Work to be completed => Only one stretch of the data below is wanted: the lines from the one with "Royal Stag vs." through the one with "Konferenzen: Alle Vorträge", repeated exactly.

Dataset excerpts =>
*** Block opens ***

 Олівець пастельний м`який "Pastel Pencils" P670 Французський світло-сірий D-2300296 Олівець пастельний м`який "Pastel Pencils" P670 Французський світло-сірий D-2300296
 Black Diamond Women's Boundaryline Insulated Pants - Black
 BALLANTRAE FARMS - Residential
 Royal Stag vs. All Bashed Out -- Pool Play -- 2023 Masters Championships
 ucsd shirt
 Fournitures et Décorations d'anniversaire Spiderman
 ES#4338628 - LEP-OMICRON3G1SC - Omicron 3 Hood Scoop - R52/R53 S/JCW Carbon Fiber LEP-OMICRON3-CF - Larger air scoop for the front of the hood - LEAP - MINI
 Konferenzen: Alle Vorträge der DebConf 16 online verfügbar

*** Block closes ***
*** Block opens ***

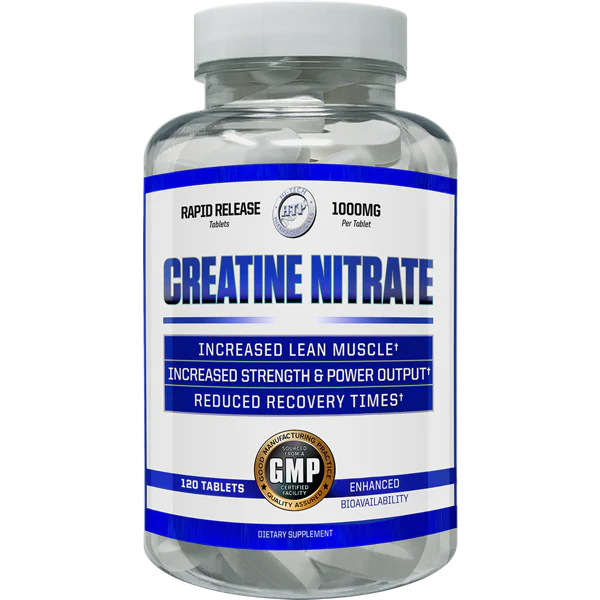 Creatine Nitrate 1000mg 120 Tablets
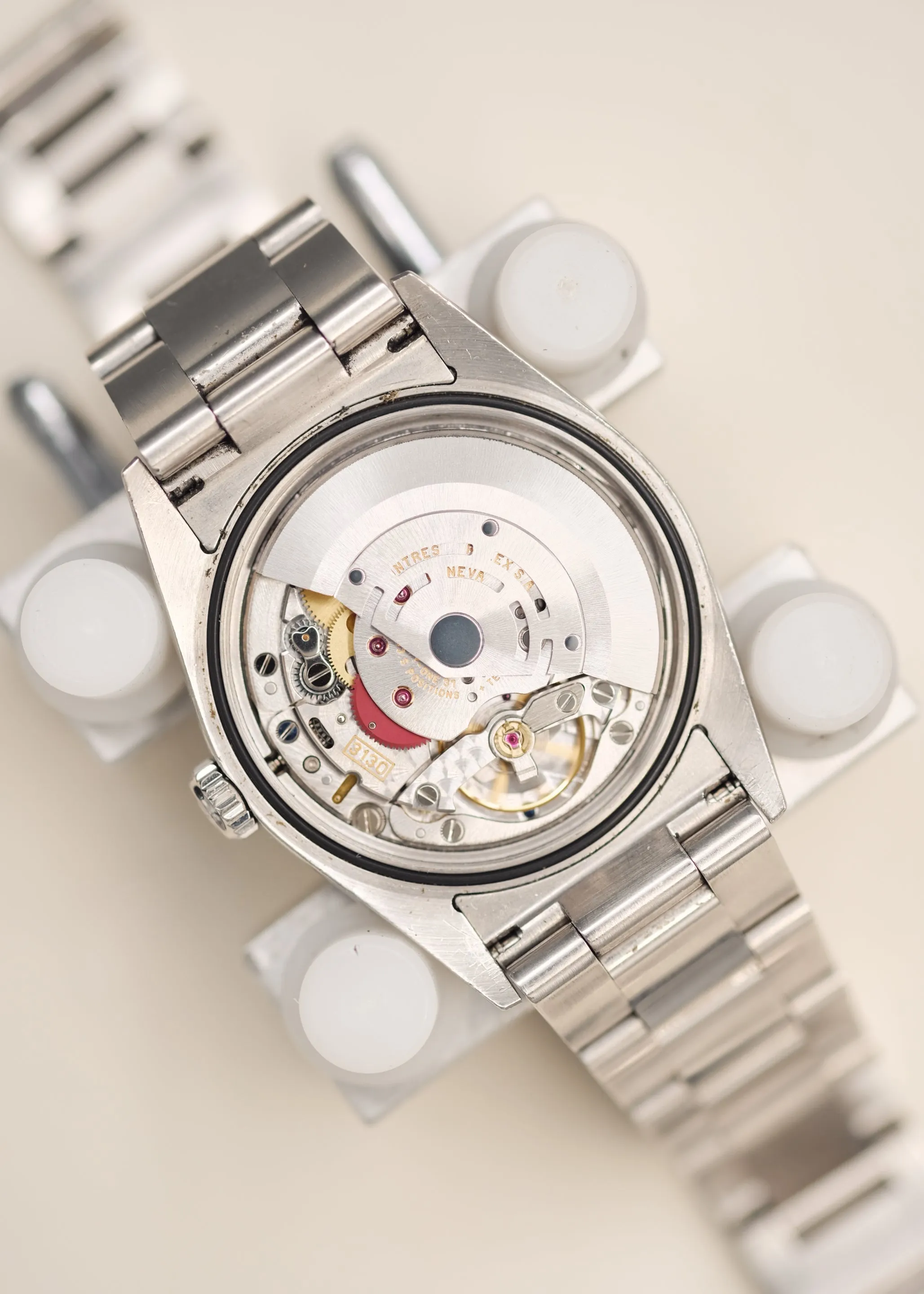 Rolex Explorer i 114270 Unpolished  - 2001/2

*** Block closes ***
*** Block opens ***

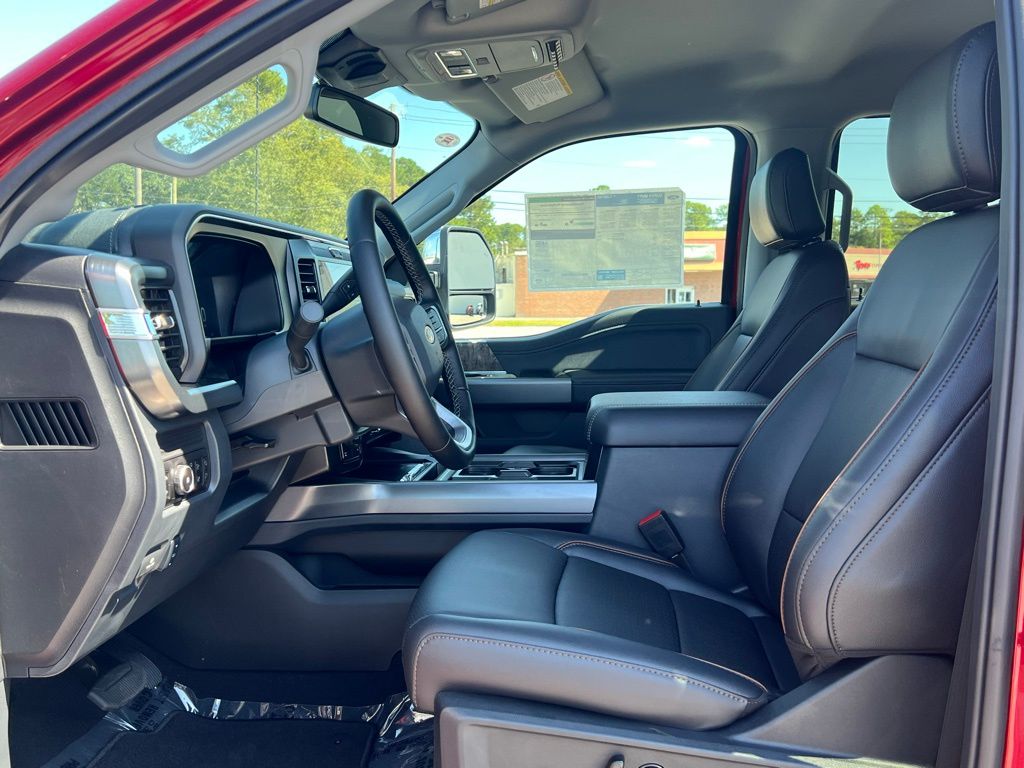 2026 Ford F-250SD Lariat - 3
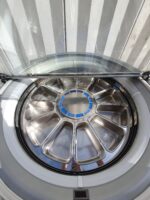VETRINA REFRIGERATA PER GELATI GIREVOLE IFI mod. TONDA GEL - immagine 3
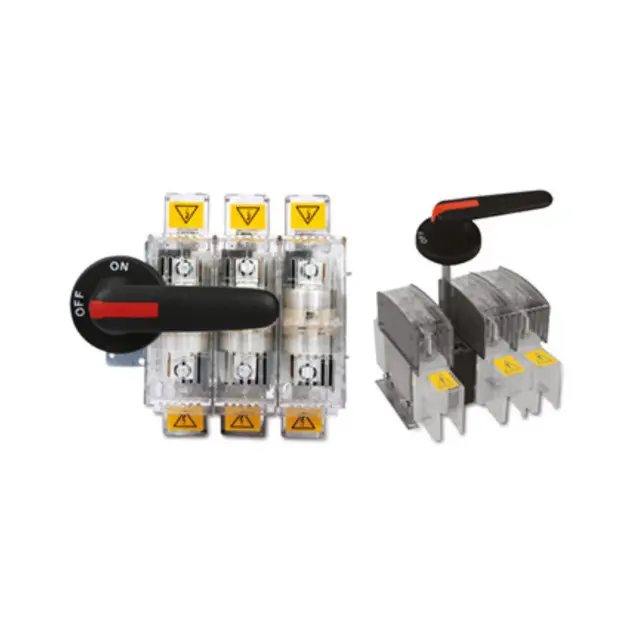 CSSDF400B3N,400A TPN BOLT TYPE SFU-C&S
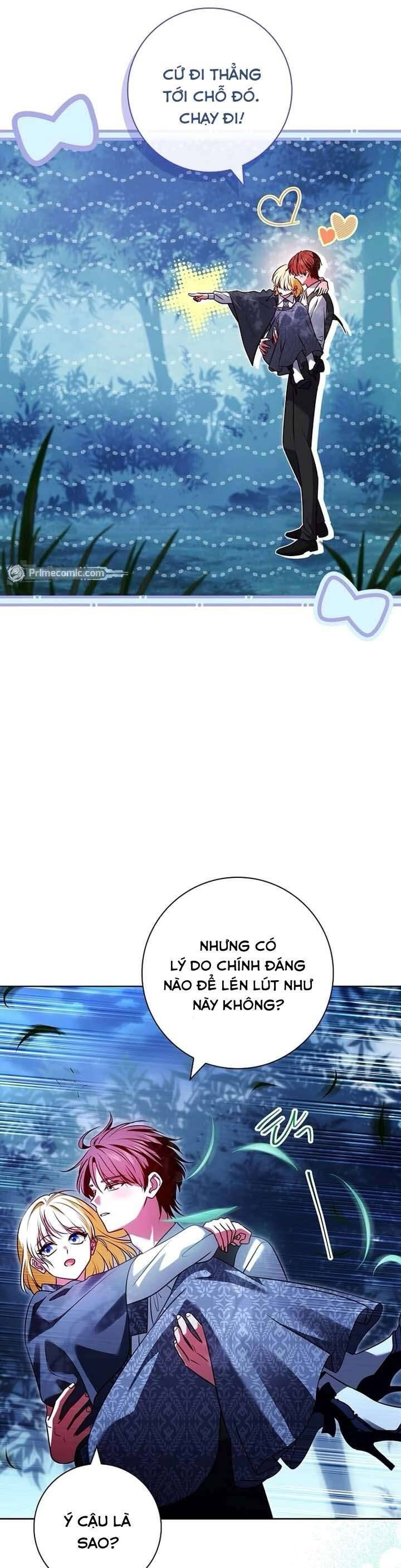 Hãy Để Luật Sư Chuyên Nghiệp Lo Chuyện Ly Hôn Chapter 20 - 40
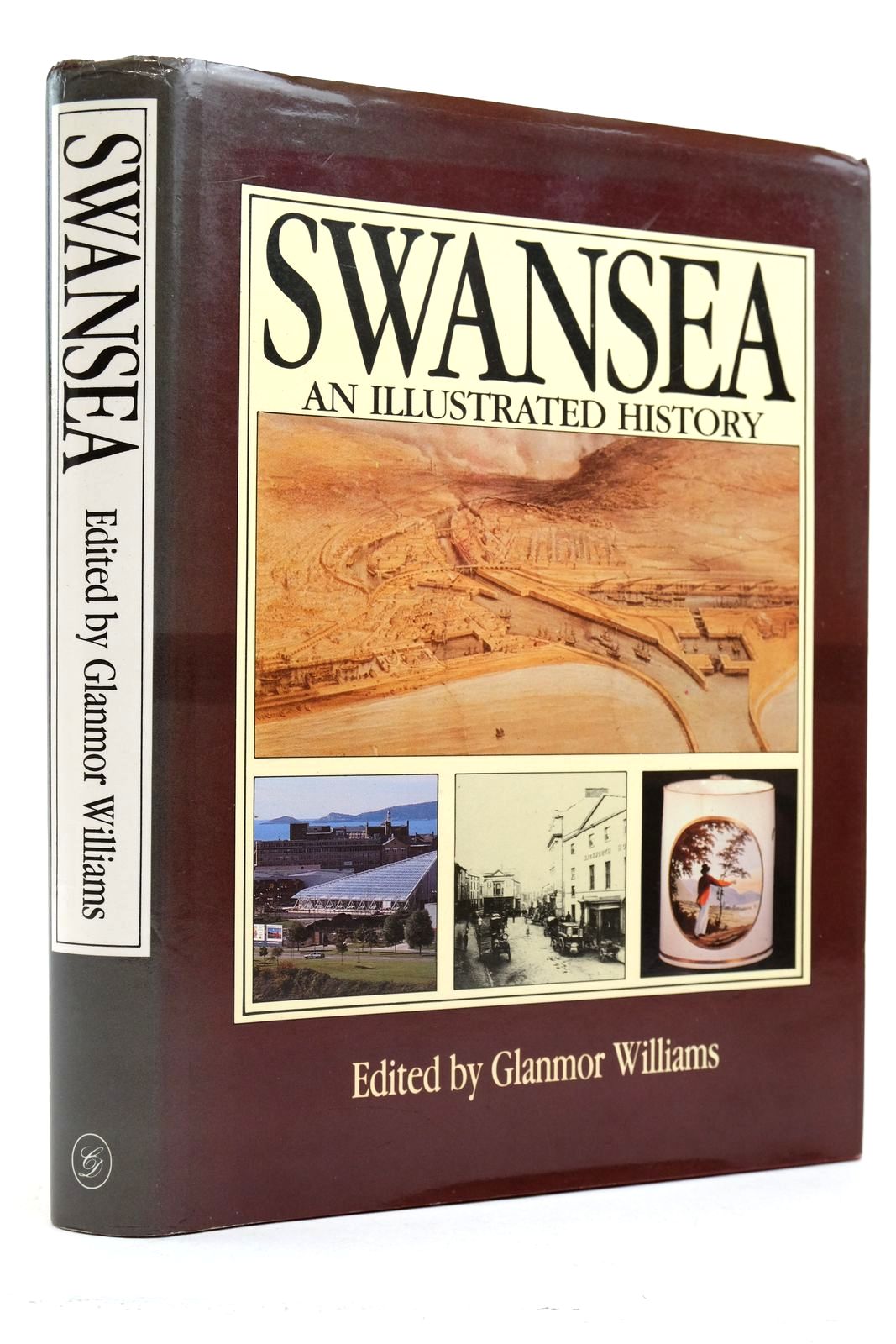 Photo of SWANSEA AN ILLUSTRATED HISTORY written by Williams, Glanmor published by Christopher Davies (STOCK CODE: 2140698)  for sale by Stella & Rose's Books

*** Block closes ***

Reply =>
 Royal Stag vs. All Bashed Out -- Pool Play -- 2023 Masters Championships
 ucsd shirt
 Fournitures et Décorations d'anniversaire Spiderman
 ES#4338628 - LEP-OMICRON3G1SC - Omicron 3 Hood Scoop - R52/R53 S/JCW Carbon Fiber LEP-OMICRON3-CF - Larger air scoop for the front of the hood - LEAP - MINI
 Konferenzen: Alle Vorträge der DebConf 16 online verfügbar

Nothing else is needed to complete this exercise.